## Problem to work on
The line with "College of San Mateo Logo PNG Vector" marks the first line to copy, and the line with "men regular fit polo t-shirt" marks the last. Transcribe that stretch of the data below exactly, without pictures.

## Provided data
************

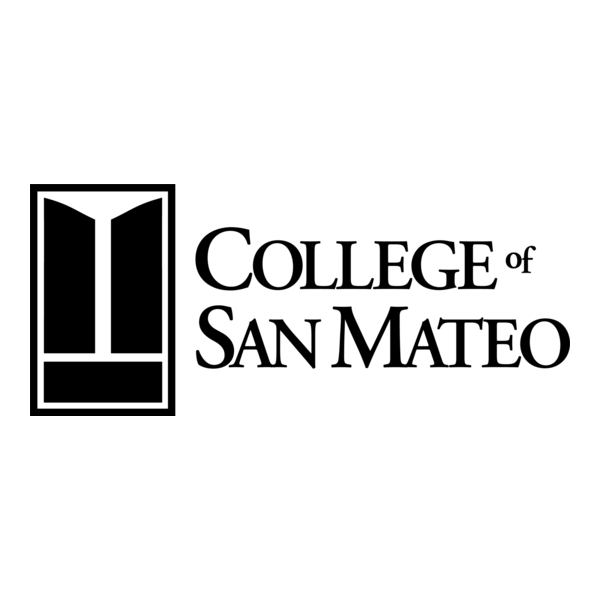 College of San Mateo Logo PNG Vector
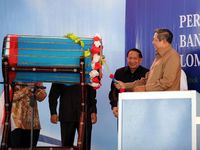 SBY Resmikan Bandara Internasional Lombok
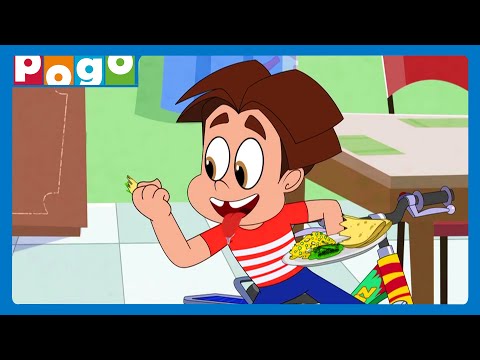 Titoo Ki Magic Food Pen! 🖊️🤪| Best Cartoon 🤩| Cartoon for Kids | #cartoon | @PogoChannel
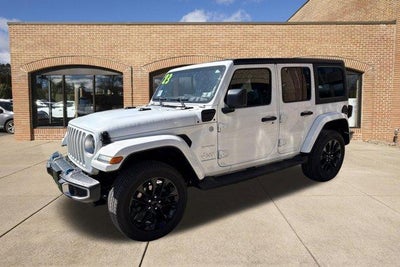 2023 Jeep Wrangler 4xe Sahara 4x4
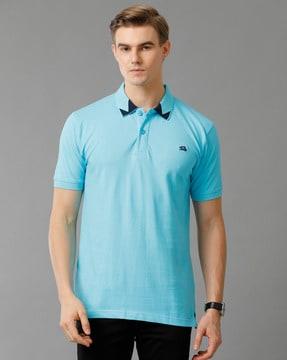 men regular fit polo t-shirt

************

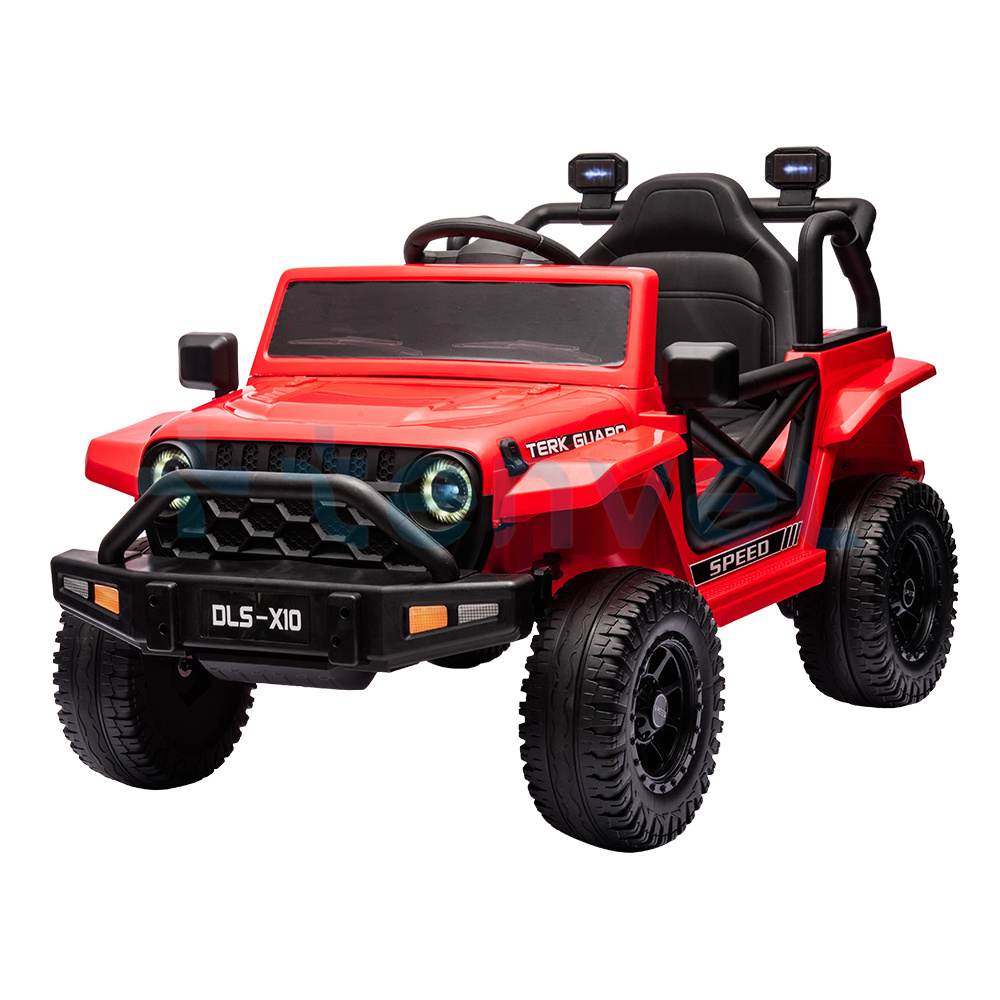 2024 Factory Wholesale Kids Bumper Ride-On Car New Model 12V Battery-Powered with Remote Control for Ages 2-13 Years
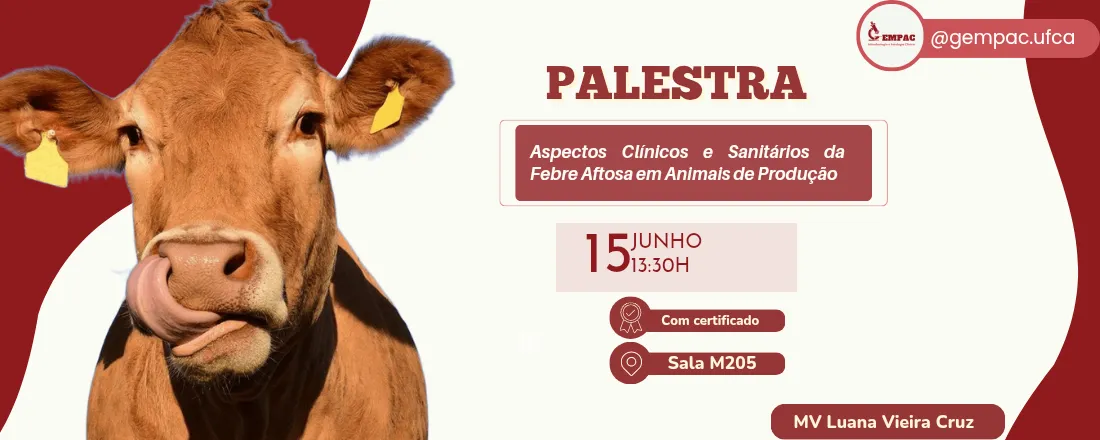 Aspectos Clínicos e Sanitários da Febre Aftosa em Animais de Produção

************

## Response
 College of San Mateo Logo PNG Vector
 SBY Resmikan Bandara Internasional Lombok
 Titoo Ki Magic Food Pen! 🖊️🤪| Best Cartoon 🤩| Cartoon for Kids | #cartoon | @PogoChannel
 2023 Jeep Wrangler 4xe Sahara 4x4
 men regular fit polo t-shirt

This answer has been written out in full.